Requirement: Every entry needs to be written out again exactly, with its pictures removed.

Data records:
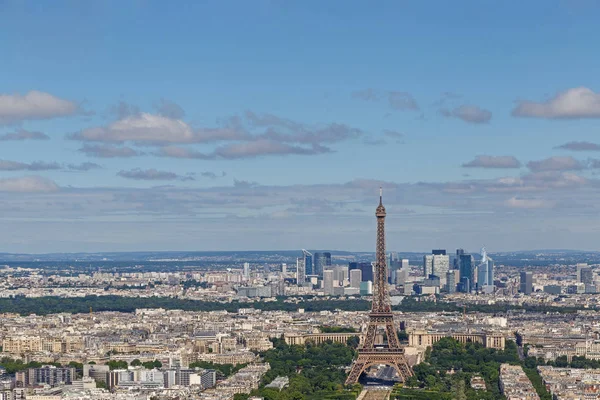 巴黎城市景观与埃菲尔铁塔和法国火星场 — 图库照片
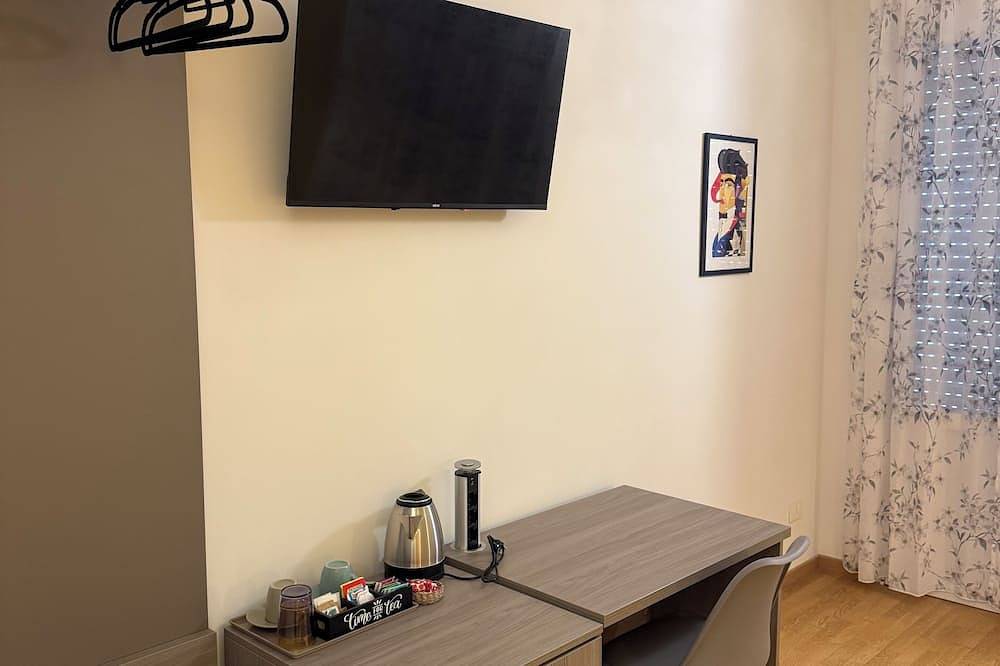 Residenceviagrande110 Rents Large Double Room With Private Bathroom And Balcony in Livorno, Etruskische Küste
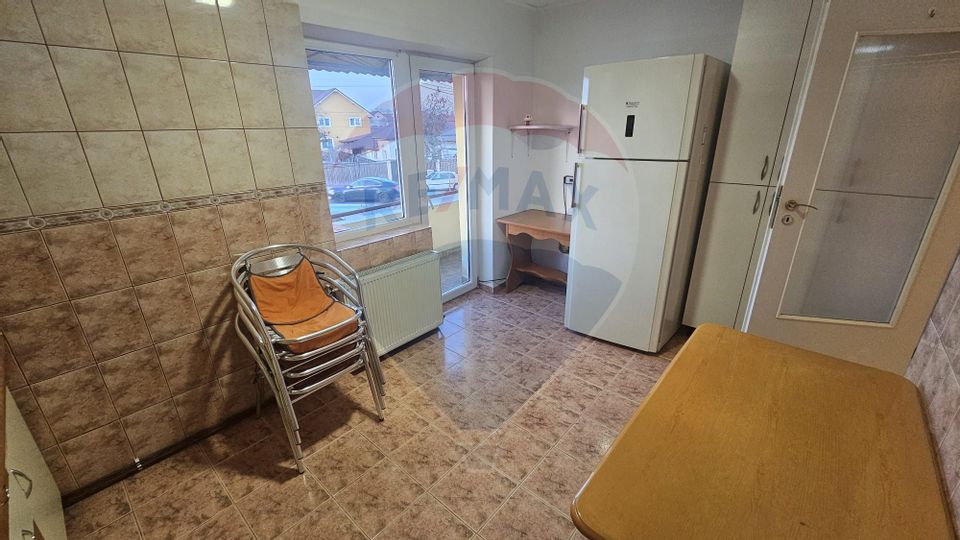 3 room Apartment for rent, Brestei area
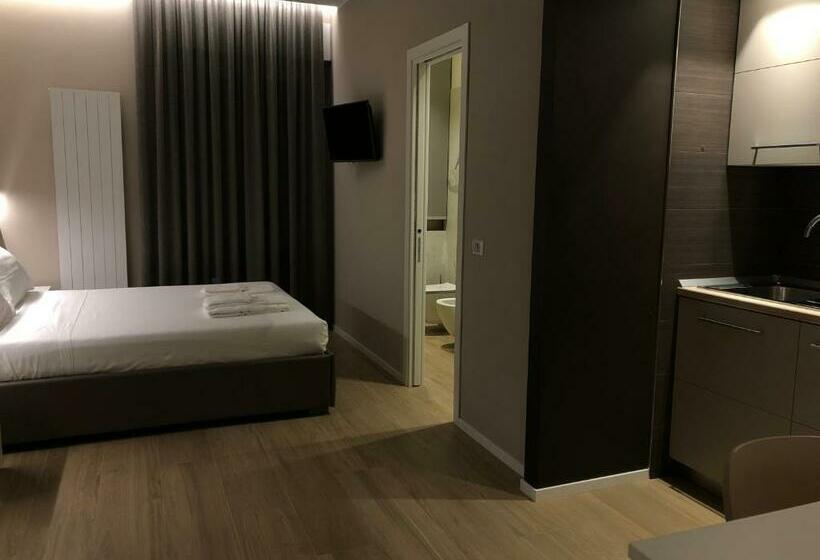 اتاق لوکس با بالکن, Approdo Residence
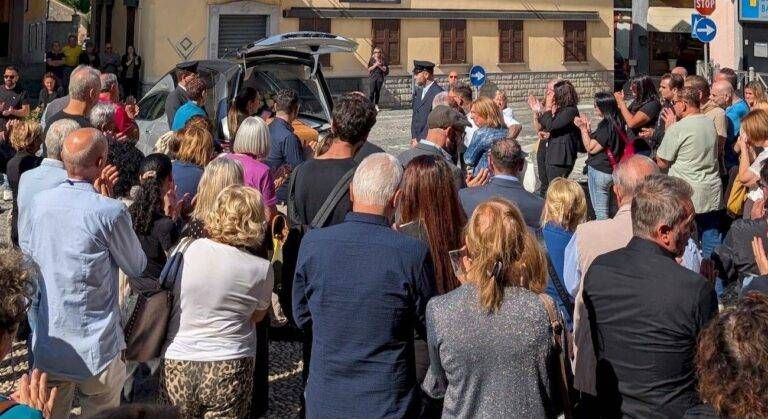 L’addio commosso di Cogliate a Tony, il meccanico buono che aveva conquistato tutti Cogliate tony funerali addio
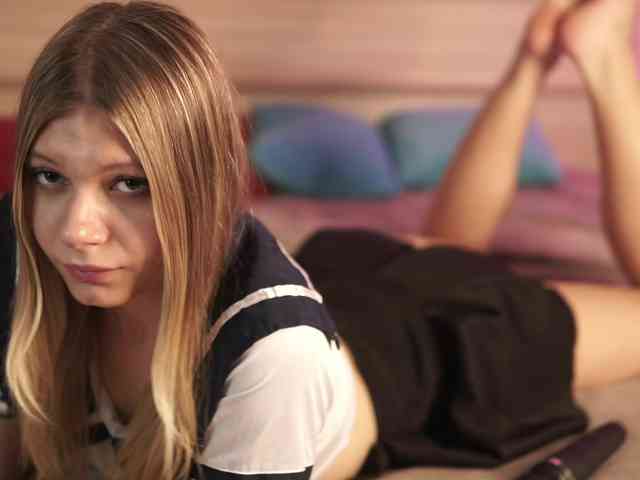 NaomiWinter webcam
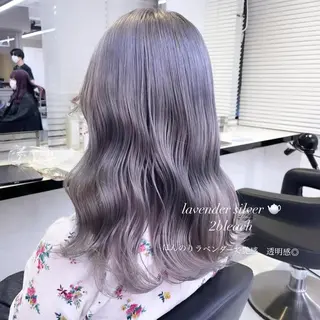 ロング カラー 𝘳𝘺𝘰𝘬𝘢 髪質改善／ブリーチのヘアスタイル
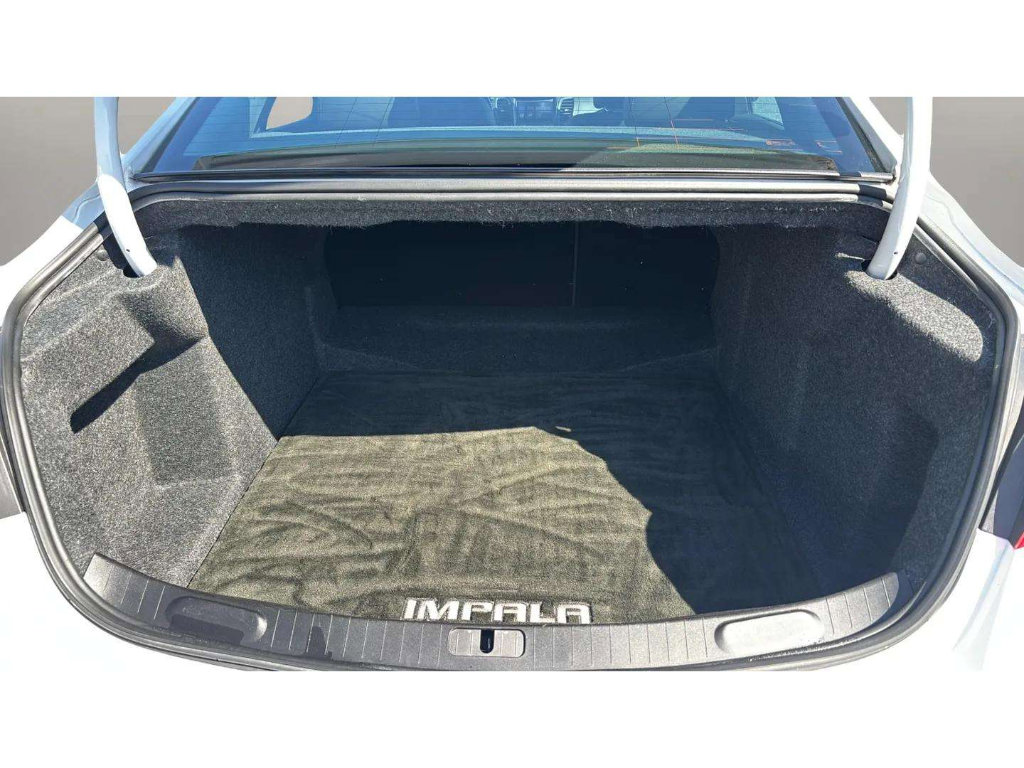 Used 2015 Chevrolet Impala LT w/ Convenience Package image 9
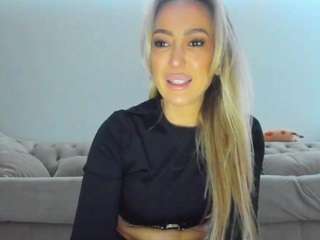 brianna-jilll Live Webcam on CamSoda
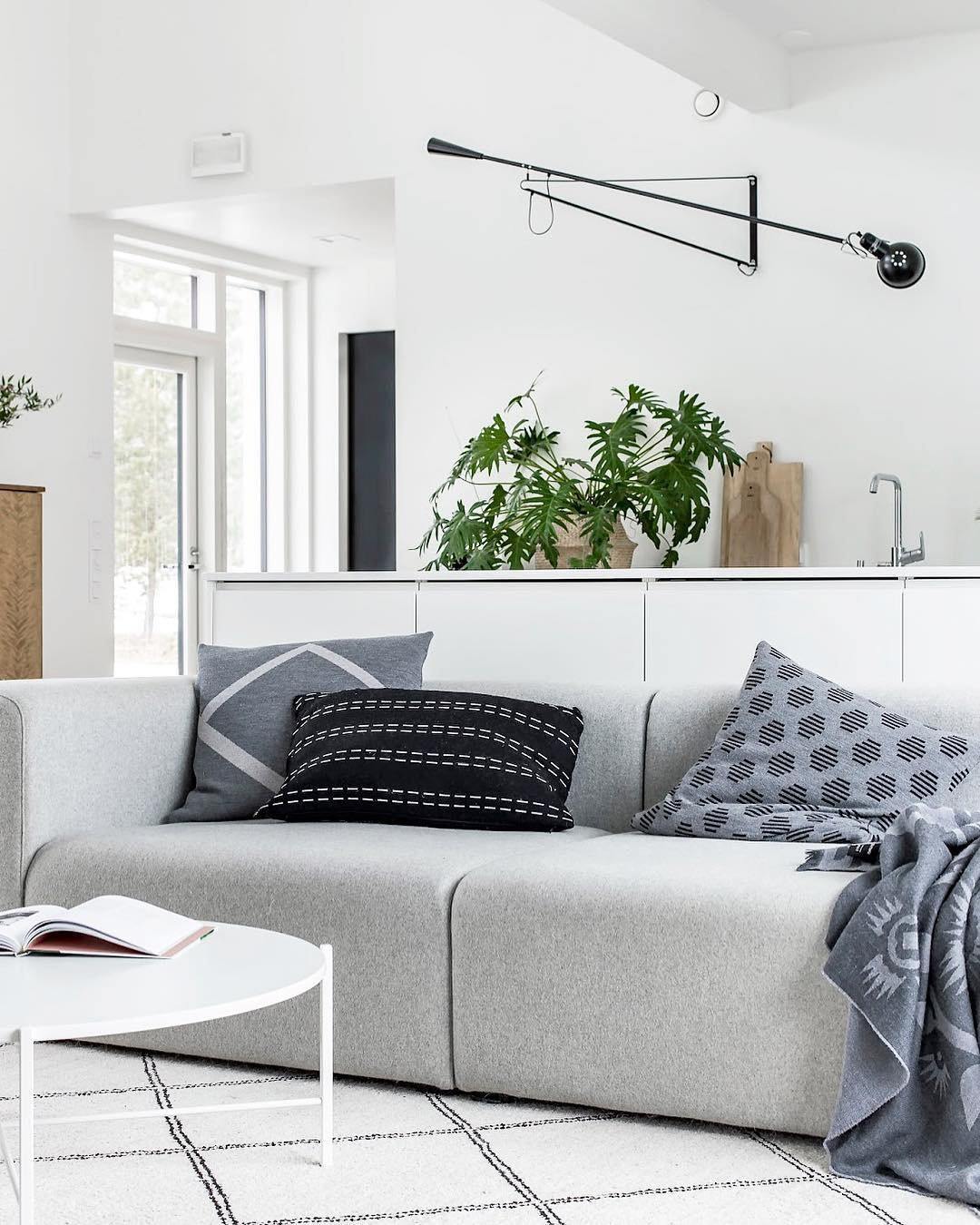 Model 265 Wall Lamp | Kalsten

Task solution:
 巴黎城市景观与埃菲尔铁塔和法国火星场 — 图库照片
 Residenceviagrande110 Rents Large Double Room With Private Bathroom And Balcony in Livorno, Etruskische Küste
 3 room Apartment for rent, Brestei area
 اتاق لوکس با بالکن, Approdo Residence
 L’addio commosso di Cogliate a Tony, il meccanico buono che aveva conquistato tutti Cogliate tony funerali addio
 NaomiWinter webcam
 ロング カラー 𝘳𝘺𝘰𝘬𝘢 髪質改善／ブリーチのヘアスタイル
 Used 2015 Chevrolet Impala LT w/ Convenience Package image 9
 brianna-jilll Live Webcam on CamSoda
 Model 265 Wall Lamp | Kalsten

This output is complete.